TD’s (TSX: TD) report explores the financial services firms collectively known as the “shadow banking” sector, which perform the same basic function as traditional banks but outside the regulatory framework. The TD report concludes that “shadow banking does pose a long-term risk to financial stability, but to different extents in different regions.”
In Canada, “the risk is comparatively small,” the TD report says. “If there is a risk, it likely lies in the National Housing Act mortgage-backed securities (MBS) market, which is tied to the broader issue around household debt.”
The TD report says that about 60% of the $700 billion Canadian shadow banking system is comprised of these securities. The rest is “unlikely” to represent a major risk.
“The markets for asset-backed securities, asset-backed commercial paper and money market mutual funds are small and have fallen significantly from their peaks in 2008. Repos and short-term paper have grown in size since the crisis, but these funding instruments are not, in themselves, risky,” the TD report says.
“On its own, shadow banking likely does not have the critical mass to pose a systemic concern in Canada,” the report adds. However, TD also observes that, in reality, the sector isn’t isolated as “broad-based securitization exposes numerous counterparties to the credit risk of originating banks’ mortgage portfolios.” This includes the banks, mortgage insurers and even the federal government, which backstops mortgage insurance and MBS guarantees, it notes.
“Should an unemployment rate or an interest rate shock hit the housing market and lead to a deleveraging episode, the risk is that all of these parties with exposure to the mortgage and MBS markets would be impacted negatively,” the TD report says. “That being said, the probability of a systemic event appears to be small.”
The more significant risks lie elsewhere, The TD report suggests, noting that “shadow banking represents a serious longer-term risk” in the U.S., U.K., and Europe.

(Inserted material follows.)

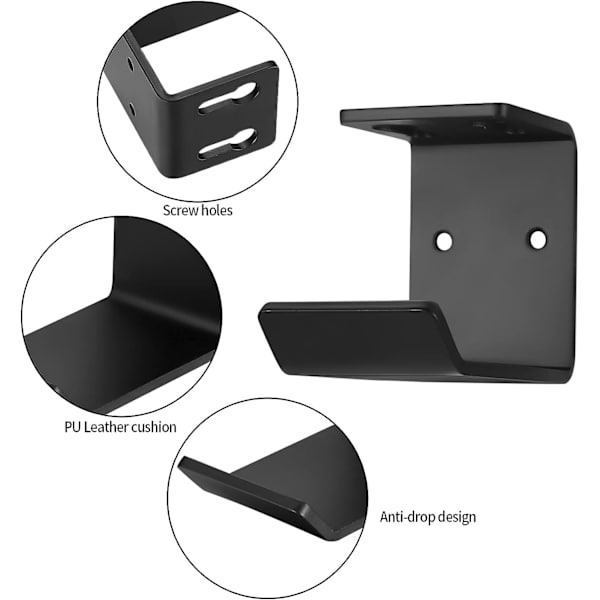 2 stk. metallhodetelefonveggfeste, hodetelefonholder for skrivebord, klebrig og skrudd hodetelefonfeste, hodetelefonkroker, svart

“By design, shadow banking entities take advantage of gaps in regulatory oversight,” the TD report says. “In a changing regulatory environment that is focused mostly on the stability of the traditional banks, the concern is whether or not shadow banks will become as large as they once were through another unsustainable build-up of poor-quality assets that led to the 2008-09 financial crisis.”
Although regulators and policy-makers are seeking to address these concerns, it’s likely that the shadow banking industry will be one step ahead of the regulators, the report says.
“The most critical challenge associated with shadow banking is being able to predict how they evolve,” the TD report concludes. “The monitoring framework regulators are currently putting in place will hopefully stem some concern, but the risk is right there in the name: you cannot always see what is in the shadows.”